Lesson 2: Carpe Diem, baby: Soak in every moment of race day. During my endless hours of training, I can be an ingrate.  Boo hoo, I have a 5 hour ride.  Hey, how about being grateful that
(a) you have the time to do it, and (b) you have the health.  Watching Clemmie  run and play with abandon is a reminder to seize the day and soak in every moment of race day as well as long training sessions.  Every morning, she couldn’t be more excited about her day. If she had a voice, I could just hear her exuberance as she licks my hand to wake me up each morning: “OH MY GOSH!!!  OH MY GOSH!!!  GET UP, GET UP, GET UP!!!!  IT’S MORNING AND I GET TO EAT AND PLAY AND EAT AND PLAY AND OH MY GOSH, I’M SOOOOOO HAPPY!!!!!!!! I admit, on race mornings, I do feel that way as I jump out of bed.  Why can’t every day be like that?  

Lesson 3: Recovery is an integral part of training One thing that is difficult for many triathletes
is allowing time for rest and recovery.  Clemmie recently had surgery and what led her to be back on her feet so quickly, was allowing herself the proper time to rest….and remember, a little moaning is always ok.  

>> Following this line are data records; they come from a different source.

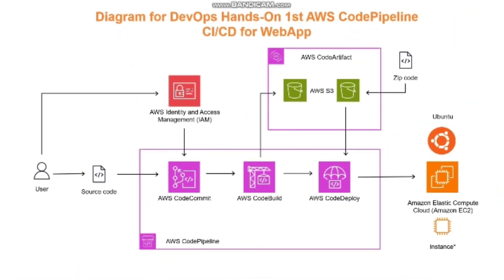Welcome to my channel. In today's video, we're going to dive into a process that focuses on creating an AWS CodePipeline for continuous integration and continuous deployment CI/CD for a web application.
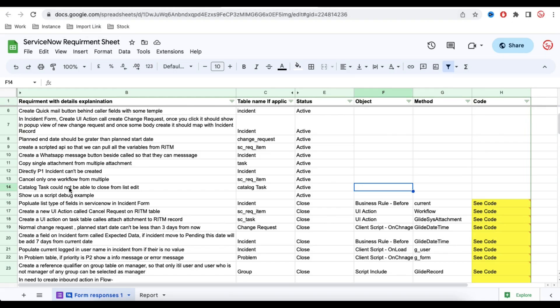So let's understand today's requirement. Catalog task could not be able to close from list edit, and the table name is the catalog task. So let's understand that requirement first.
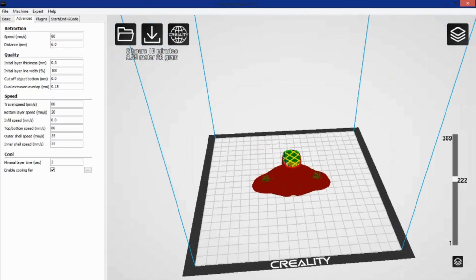So if you have a Creality printer, you should be able to just jump in here, hit the button that says English, obviously, because you don't want directions in Chinese, and then select your printer, and it was pretty much as easy as that.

Lesson 4:  Loving and forgiving free up so much energy to put into other areas.  If you have a bad training day, or a bad any kind of day, let it go.  Our pets are a perfect reminder of unconditional love and forgiveness.  For example, if I slack off during a workout, Clemmie is right there, roaring in my ear to push me, but will also congratulate me for my hard work. 


Lesson 5 :  We accept the love we think we deserve (Stephen Chbosky).  Clemmie loves herself and that love is shown effusively to others.  Each time she greets me it’s as if she hasn’t seen me in years.  It was evident from day 1, that Clemmie was meant to be a therapy dog.  She is in the process of basic training.  (Actually, I’m also the one in training.)  She’ll need another 6 months of formal training and then will have to pass a series of exams to be a “certified” therapy dog, meaning she will be permitted  to come with me to nursing homes, disaster relief sites, and even my office.  But for now, even without any fancy schmancy certification, she is a people magnet.  I can’t even say how many people approach us to pet
Clemmie and inquire what type of dog she is (a goldendoodle).  I watch the smile that she brings to people’s faces, as she, in her clutzy, oafish way will offer someone her enormous mitt of a paw or give someone a big lick and dog smile, then roll over on her back for a belly rub.

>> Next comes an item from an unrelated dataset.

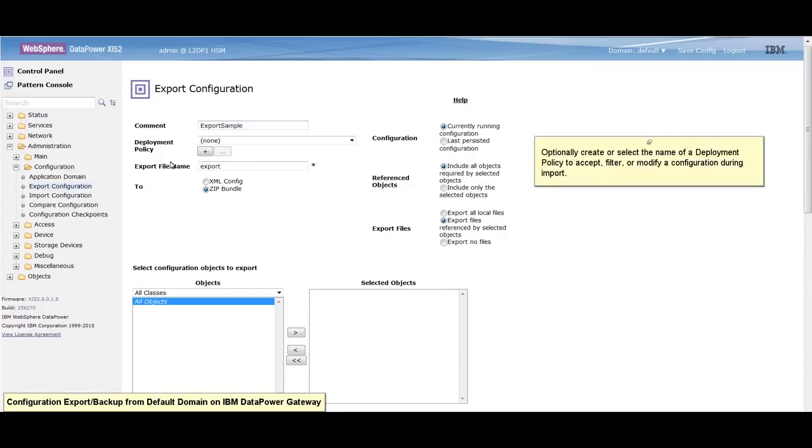Optionally, create or select a deployment policy to accept, filter, or modify a configuration during import.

Lesson 6.  Always carb-load before your event

Lesson 7:  Pets improve your health (a no-brainer).  Research shows that pet owners live
longer lives those without pets.  There is empirical evidence showing that spending just a few minutes with a pet significantly reduces levels of the stress hormone, cortisol, increases the neurotransmitter serotonin (associated with mood and feelings of well-being), and lowers blood pressure.  Some dogs can actually sense the onset of a seizure in those with epilepsy.  Others can sense decreasing blood glucose levels in diabetics.  Pet owners exercise more and are less likely to suffer a heart attack or stroke.  As for me, quite simply, I feel like my heart, like the Grinch’s, has grown twice in size since this fur ball has come into our lives.  

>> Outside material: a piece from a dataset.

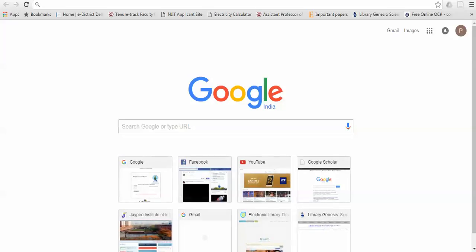Hello viewers, in this video I am going to explain how you can search for the best Scopus journal for your publication.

So back to triathlon….as I once again enter into murky waters…this time 100 miles, I am blessed to have so many people who inspire me.  And now I have another inspiration.  I think of my little runt (well, now is 45 lbs and still growing), who, despite being mauled by her littermates, kept slowly inching forward and never gave up.  She has an infectious enthusiasm for life.  She puts her heart into new endeavors, whether it be learning new commands, swimming for the first time, or exploring a new area.  As I travel those 100 miles, I’ll try to do so as she would; happily, with much gusto, and as if every moment is the only moment.